Karın boşluğuma yeni atılmış dikişler ile öylece dururken, fiziksel acıdan çok ruhsal acı çekiyordum.
"Cevap ver Yüzbaşı!"
Karşımda öylece durmuş benim için endişelenen adama bir bakış atıp zoraki dudaklarımı araladım, "O s!k babanın izin vereceğini düşünüyor musun?"
Meriç, kafasını olumsuz anlamda iki yana salladı.
"Sen istesen babamı bile ezer geçersin Karvis, kimi kandırıyorsun?!"
Ayağa kalkıp tam sedyenin önünde durdu, "Neyden korktuğunu bana açık açık söyle!"
Üzerimdeki yeşil yarısı kesilmiş tişörtün yakasını kavradı, ona doğruyu söylemek istemiyordum. Ben yeterince kafayı yerken bir de onun kız kardeşi için acı çekmesini istemezdim.
"Söyle bana Yüzbaşı, yemin olsun ki o ağzından dolu tek bir kelime duymayayım işte o zaman senin belanı s!kerim."

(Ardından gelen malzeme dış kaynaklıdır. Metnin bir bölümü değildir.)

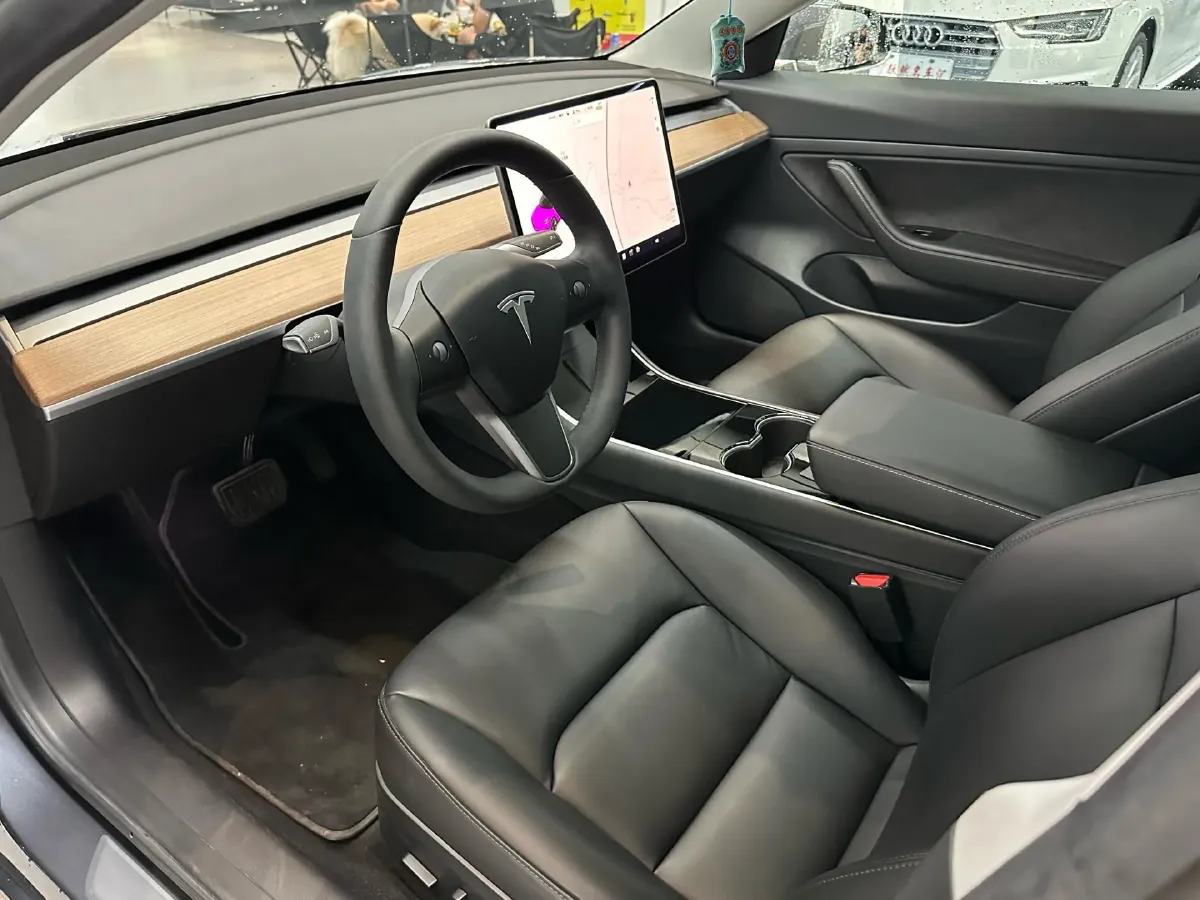 2020 Tesla Model 3 BEV 76.8KWH,autocango,china used car exporter,china ev exporter,chinese used car exporter,chinese used ev exporter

Kafamı olumsuz anlamda iki yana salladım, "Yaşına veriyorum bu tavırlarını ama iki birey arasına bu kadar karışılmaz."
Alaya vurduğumu inatla söylemeyeceğim fark etmişti. Lafımı bitirir bitirmez yüzüme bir yumruk attığında yüzüme bile tekrar dönüp bakmaya cesareti yoktu.
Elimin tersiyle dudağımı silerken, günlerdir dağda dayak yememişim gibi şimdi burda yiyordum.
Sırtını bana dönüp kapıdan çıkacakken duraksadı, "Onu gerçekten sevmiyorsun Karvis. Eğer sevseydin o hastane odasında öylece bırakıp gitmezdin."
Hiç gitmedim.
Orda o cümlelerden sonra bile, annesi ona zarar verir korkusuyla durdum.
Beni kendi kızının ölümüyle burun buruna bırakan Marelya Ladin yüzünden durdum.
Kızının kaçırılmasına onun sebep olduğunu, açık adres verip sırf beni görevden attırmaya çalıştığını bile bile sustum.
Masal, zarar görmesin diye defalarca kez ben sustum. Ona bunları anlatacak cesaretim bile yoktu.
Ne diyebilirdim ki annen seni ölümle burun buruna getirip defalarca kez kullandı mı?
Bu kurguyu onun planladığını o hattı Masal'a almaya zorlattığını öğrenecek kadar çok sustum hem de.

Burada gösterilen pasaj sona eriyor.